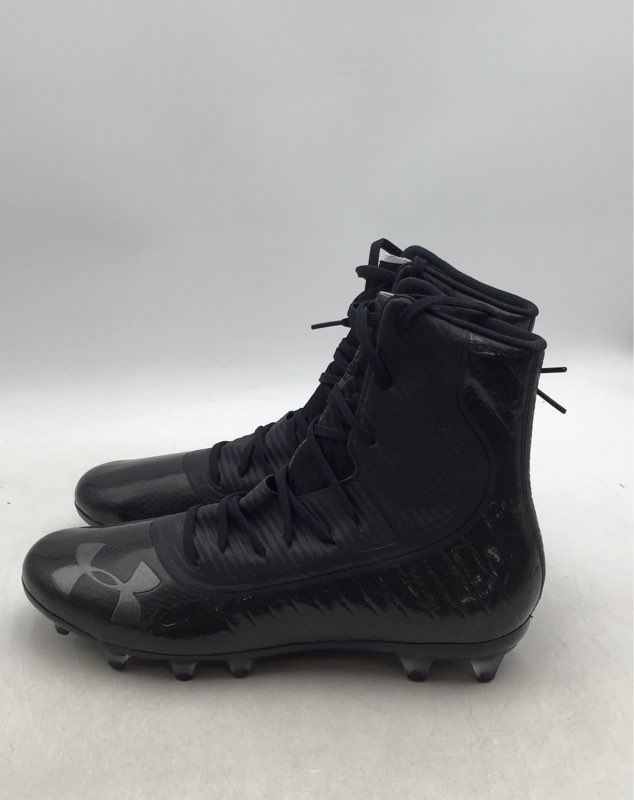 Under Armour Men&#39;s Highlight MC 3021478-004 Black Football Cleats - Size 12.5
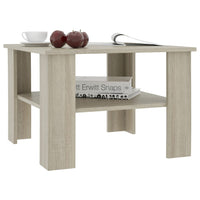 Thumbnail for Couchtisch Sonoma-Eiche 60x60x42 cm Holzwerkstoff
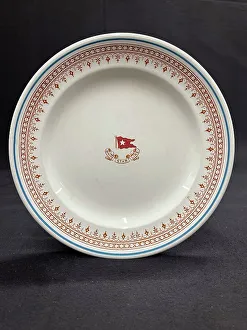White Star Line, Losol ware dinner plate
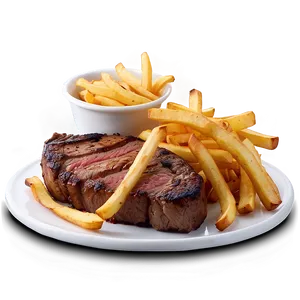 Steak Frites Combo Png Six96 PNG image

Work to complete = Write out all the data exactly, minus pictures.

Solution for this exercise =
 Under Armour Men&#39;s Highlight MC 3021478-004 Black Football Cleats - Size 12.5
 Thumbnail for Couchtisch Sonoma-Eiche 60x60x42 cm Holzwerkstoff
White Star Line, Losol ware dinner plate
 Steak Frites Combo Png Six96 PNG image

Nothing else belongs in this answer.